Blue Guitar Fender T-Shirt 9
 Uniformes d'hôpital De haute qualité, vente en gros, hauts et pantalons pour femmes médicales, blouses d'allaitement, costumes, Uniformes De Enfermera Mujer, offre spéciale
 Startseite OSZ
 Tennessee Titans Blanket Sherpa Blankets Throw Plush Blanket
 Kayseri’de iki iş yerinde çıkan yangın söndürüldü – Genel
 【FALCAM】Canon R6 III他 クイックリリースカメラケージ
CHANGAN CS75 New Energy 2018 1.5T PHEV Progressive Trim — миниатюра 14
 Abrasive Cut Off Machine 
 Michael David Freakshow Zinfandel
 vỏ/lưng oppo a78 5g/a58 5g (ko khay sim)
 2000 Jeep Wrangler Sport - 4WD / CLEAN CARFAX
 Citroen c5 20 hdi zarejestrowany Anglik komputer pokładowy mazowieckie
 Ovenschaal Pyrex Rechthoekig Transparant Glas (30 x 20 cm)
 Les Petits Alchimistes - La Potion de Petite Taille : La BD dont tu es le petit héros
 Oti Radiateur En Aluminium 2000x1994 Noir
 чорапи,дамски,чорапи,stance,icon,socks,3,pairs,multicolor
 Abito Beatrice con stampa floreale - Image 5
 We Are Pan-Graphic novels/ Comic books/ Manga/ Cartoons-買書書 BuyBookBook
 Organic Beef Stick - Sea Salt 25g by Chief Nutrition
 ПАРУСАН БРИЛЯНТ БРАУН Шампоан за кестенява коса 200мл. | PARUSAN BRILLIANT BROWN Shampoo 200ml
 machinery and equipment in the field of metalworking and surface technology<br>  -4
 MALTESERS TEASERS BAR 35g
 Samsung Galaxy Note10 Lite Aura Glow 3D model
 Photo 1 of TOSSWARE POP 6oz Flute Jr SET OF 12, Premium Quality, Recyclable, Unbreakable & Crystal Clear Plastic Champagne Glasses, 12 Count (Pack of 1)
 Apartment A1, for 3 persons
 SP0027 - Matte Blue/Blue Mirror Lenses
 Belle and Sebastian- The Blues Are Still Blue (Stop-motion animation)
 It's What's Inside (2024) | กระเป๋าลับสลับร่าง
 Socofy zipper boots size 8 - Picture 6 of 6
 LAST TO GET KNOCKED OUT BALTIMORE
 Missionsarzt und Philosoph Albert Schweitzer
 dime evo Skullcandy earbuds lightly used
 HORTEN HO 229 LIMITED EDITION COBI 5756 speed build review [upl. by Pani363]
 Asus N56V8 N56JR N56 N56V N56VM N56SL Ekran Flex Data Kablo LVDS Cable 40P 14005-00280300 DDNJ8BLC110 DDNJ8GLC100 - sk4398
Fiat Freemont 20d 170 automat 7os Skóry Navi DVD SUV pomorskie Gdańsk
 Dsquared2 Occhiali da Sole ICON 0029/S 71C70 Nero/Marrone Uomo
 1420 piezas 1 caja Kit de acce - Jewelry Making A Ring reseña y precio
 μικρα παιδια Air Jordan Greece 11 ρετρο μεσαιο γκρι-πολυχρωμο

----

● **Work to be completed**: Each line from the one with "dime evo Skullcandy earbuds lightly used" through the last line of the records above must be retyped exactly, and no other line may be given.

● **Response**:
 dime evo Skullcandy earbuds lightly used
 HORTEN HO 229 LIMITED EDITION COBI 5756 speed build review [upl. by Pani363]
 Asus N56V8 N56JR N56 N56V N56VM N56SL Ekran Flex Data Kablo LVDS Cable 40P 14005-00280300 DDNJ8BLC110 DDNJ8GLC100 - sk4398
Fiat Freemont 20d 170 automat 7os Skóry Navi DVD SUV pomorskie Gdańsk
 Dsquared2 Occhiali da Sole ICON 0029/S 71C70 Nero/Marrone Uomo
 1420 piezas 1 caja Kit de acce - Jewelry Making A Ring reseña y precio
 μικρα παιδια Air Jordan Greece 11 ρετρο μεσαιο γκρι-πολυχρωμο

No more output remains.